Em outubro, com a aposentadoria da ministra Rosa Weber, atual presidente da Corte, uma nova vaga passará a existir - e, em menos de seis meses, o presidente Lula poderá fazer a segunda indicação em seu terceiro mandato. A primeira foi em julho, quando ele indicou Cristiano Zanin para a vaga deixada pelo ex-ministro Ricardo Lewandowski - ou seja, mais um homem branco no lugar de outro homem branco.

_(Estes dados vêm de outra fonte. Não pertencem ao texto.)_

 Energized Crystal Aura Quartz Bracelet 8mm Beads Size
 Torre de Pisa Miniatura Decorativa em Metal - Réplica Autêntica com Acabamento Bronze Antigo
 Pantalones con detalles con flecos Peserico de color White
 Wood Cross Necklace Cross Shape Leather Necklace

Logo, nada mudou na atual composição do tribunal - todos brancos, com apenas duas mulheres entre 11 ministros. Isso, por si só, já gera insatisfação e desconforto de diferentes setores que defendem mais representatividade, paridade de gênero e equidade racial no Judiciário. Esse sentimento fica ainda mais forte à medida que as apostas de possíveis indicados para a vaga têm crescido colocando apenas homens em vantagem. Assim, se a representatividade feminina já é pequena, ficaria ainda menor, apenas com a ministra Cármen Lúcia.
Foi assim que, nas últimas semanas, cresceram os movimentos que defendem nomes de juristas negras ao STF. De movimentos sociais a acadêmicos, algumas dezenas de mulheres têm sido lembradas e, entre os nomes mais frequentes nas campanhas, estão os de três baianas: a promotora Lívia Sant'Anna Vaz, a procuradora federal Manuellita Hermes e a conselheira federal da OAB Silvia Cerqueira.

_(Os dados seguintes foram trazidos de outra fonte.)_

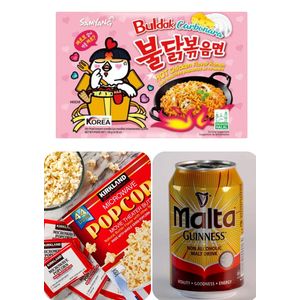 Samyang Netflix & Chill Snack Pack -Carbonara Ramen + Butter Popcorn + Malta Guiness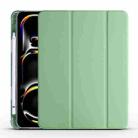 For iPad Pro 11 2024 3-fold TPU Leather Smart Tablet Case with Pen Slot(Matcha Green) - 1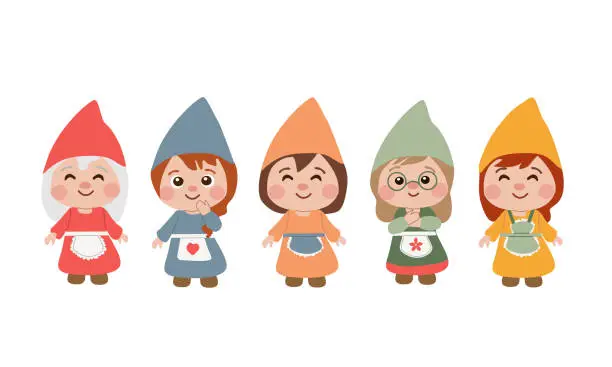 Vector illustration of Collection of garden women gnomes or dwarfs , banner, different color . Set of cute fairytale characters. Flat cartoon vector illustration isolate on white background for your design .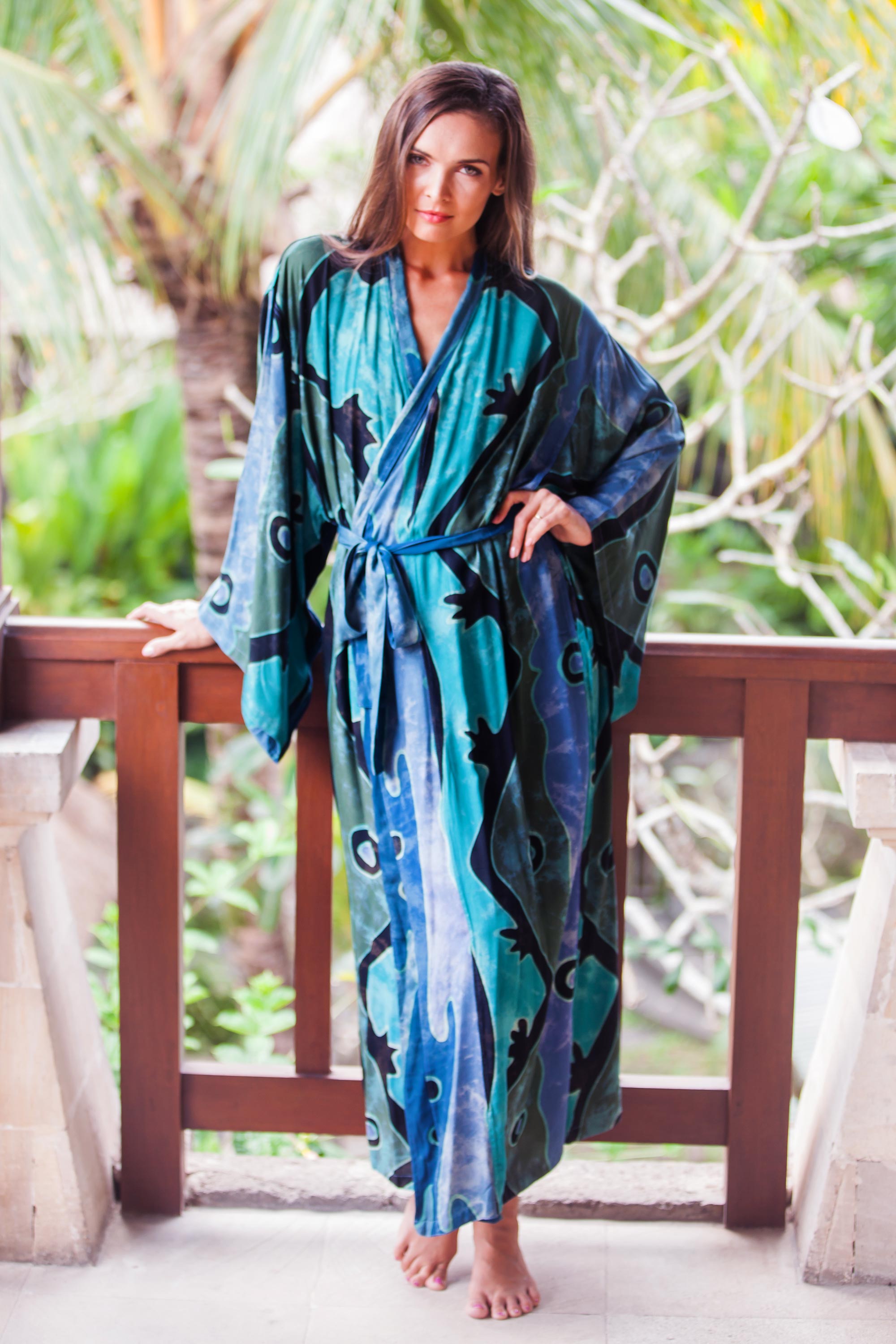 Premium Seaside Blue Women's Batik Robe - Short | Handcrafted Luxury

Pouco a pouco, as ações foram se avolumando. Um dos primeiros atos foi ainda no 8 de março, Dia Internacional da Mulher, quando 87 entidades divulgaram o 'Manifesto por Juristas Negras no STF'. Em abril, foi a vez da entidade Educafro Brasil divulgar uma lista com 10 nomes de pessoas negras - cinco mulheres e cinco homens - que, em sua avaliação, atendem aos requisitos para ocupar uma vaga na Corte.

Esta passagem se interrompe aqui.